After Levi finished brewing his tea, he carried the teacup to the dining table and sat down. You followed, settling across from him.
Just as he lifted the cup to his lips, he paused. He recalled your earlier words. A sharp question surfaced in his mind.
"Wait, you said you controlled yourself to not talk to me for a whole week. Does that mean you were watching me the entire time?" he asked, fixing you with an unreadable expression, gray eyes narrowing slightly.
"Yes, why?" you replied casually.
Levi suddenly remembered Hange's words: "Are you sure about that? What if the ghost suddenly visits you later in your sleep and lies next to you, or watches you when you're showering?"
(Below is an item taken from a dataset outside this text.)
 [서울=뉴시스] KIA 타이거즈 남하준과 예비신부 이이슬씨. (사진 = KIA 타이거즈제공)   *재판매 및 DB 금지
"The fuck. Don't tell me you also watched me shower like a pervert?" his eyes flashing with sudden suspicion.
"Huh? Why would I do that?" you replied, tone laced with slight disgust and wide-eyed innocence.
"Are you really sure about that?" he asked again, still suspicious of you.
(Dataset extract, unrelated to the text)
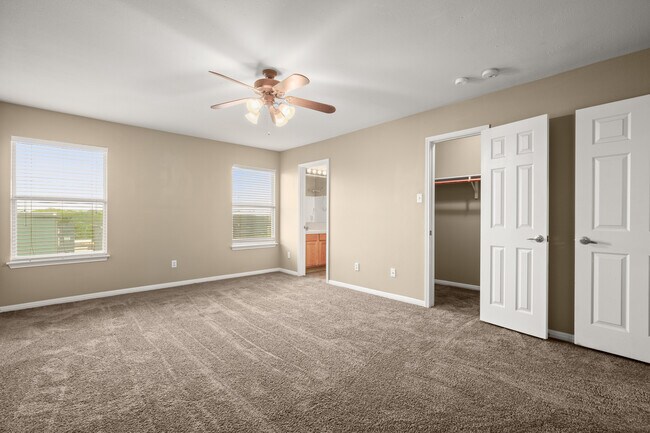 Building Photo - 6220 Perlita Dr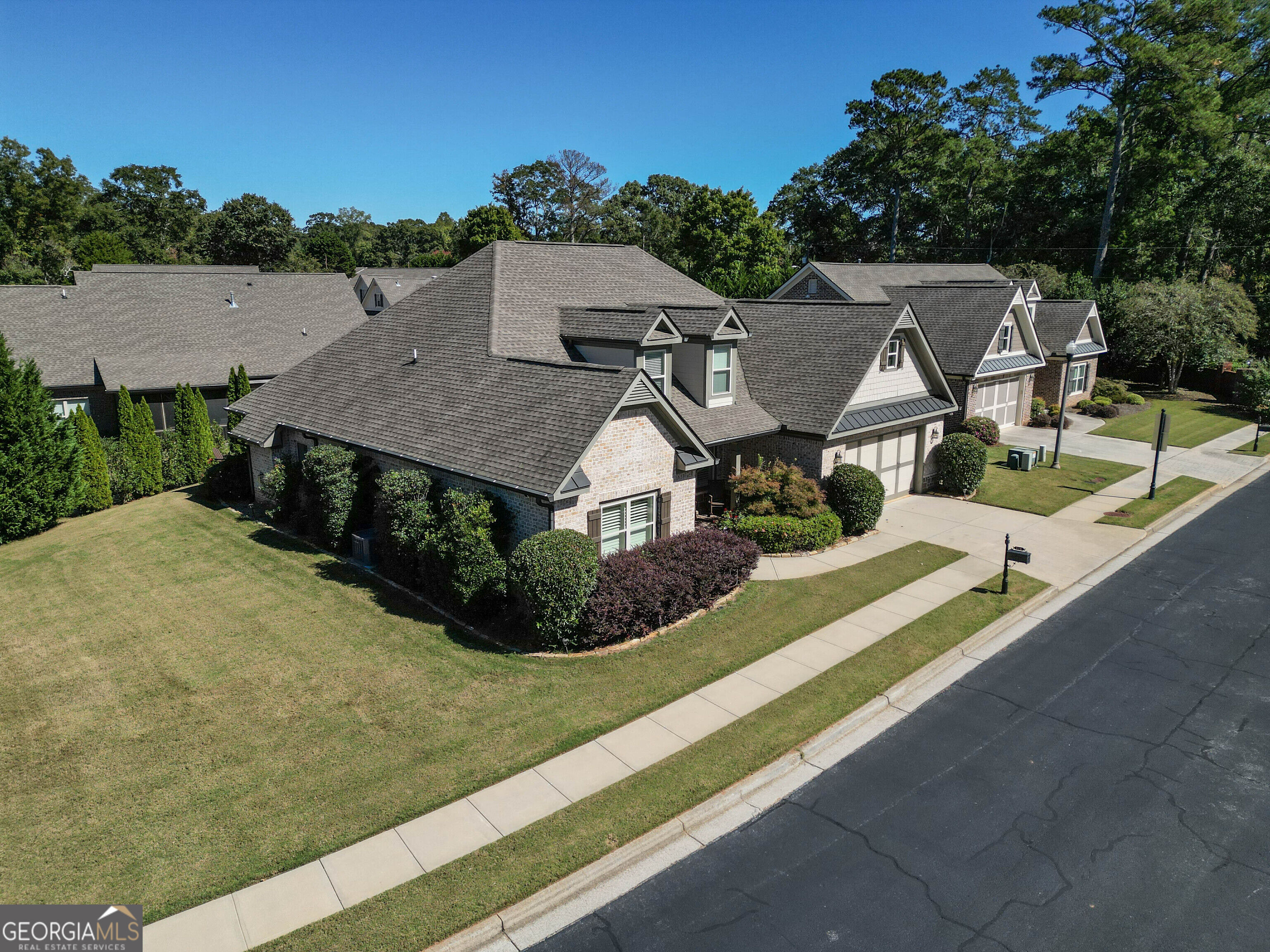 810 Legends Drive Property Photo 4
"Why would I watch you shower? Plus, you're not even my type," you said firmly. Your disgusted expression, nose wrinkled and lips pursed, finally convinced him, even though it offended him in a way he didn't understand.
"Then good," he muttered, lifting the cup to his lips at last to drink his tea.
A minute later, he spoke again. "Can you stop staring?" He was truly bothered. You had been gazing at him the entire time, and he couldn't enjoy his tea in peace.
"Why?" you asked innocently.
"What do you mean why? Can't you tell it's bothering me?" His tone dripped with annoyance, as if speaking to a clueless idiot who couldn't read the room.
"You're bothered by everything. Me talking, me staring. I heard in the past, that's the attitude of someone whose age is catching up to them," you shot back.
"Fuck. I'll go insane at this rate," he whispered to himself, pinching the bridge of his nose in frustration.